In programmail tentativo di «coordinare le loro posizioni sui principali problemi internazionali ed economici». Si dovrebbe dunque parlare di riforma del sistema monetario internazionale, squilibri commerciali e soprattutto Libia. Al summit, presieduto dal leader cinese Hu Jintao, partecipano la brasiliana Dilma Roussef. il russo Dimitri Medvedev, l’indiano Manmohan Singh e, per la prima volta, il presidente sudafricano Jacob Zuma.
Ed è arrivata subito la prima presa di posizione comune. I cinque (ormai oltre il 20% del prodotto interno lordo globale, ma già ora con la maggior parte della produzione manifatturiera) si sono dichiarati contrari all’«uso della forza» per risolvere la crisi in Libia e hanno criticato, insieme ad altri paesi in via di sviluppo, i bombardamenti della Nato.
In una bozza della dichiarazione che concluderà il vertice, i cinque hanno affermato di essere «seriamente preoccupati» per i recenti avvenimenti nel Medio Oriente e nel nord Africa, dove si sono sviluppati movimenti popolari contro i locali regimi autoritari, invitando invece al dialogo e al non intervento.

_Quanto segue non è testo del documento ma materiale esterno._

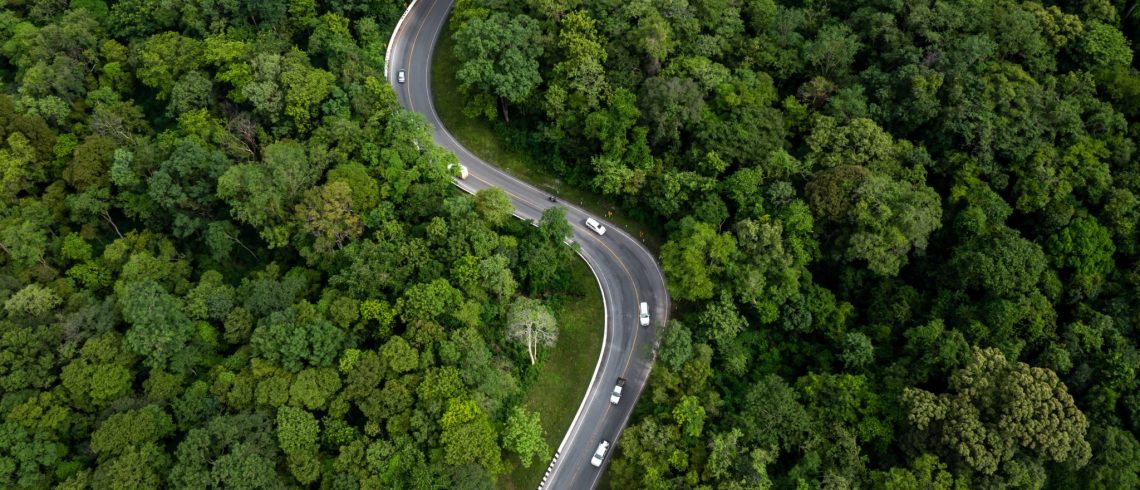 Vista aérea da floresta verde com carro na estrada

Russia e Cina si sono in effetti astenute nel voto del Consiglio di sicurezza dell’Onu che ha autorizzato l’intervento militare contro il colonnello Gheddafi. Il Sudafrica ha invece votato a favore ma domenica scorsa, nel corso di una visita a Tripoli, il presidente Jacob Zuma ha chiesto la fine dei raid aerei e avviato un tentativo di mediazione, una “road map” per il casate il fuoco.
I cinque «condividono i principio secondo il quale l’uso della forza deve essere evitato» per risolvere la crisi in corso. Quattro di questi paesi sono ormai democrazie riconosciute sul piano internazionale.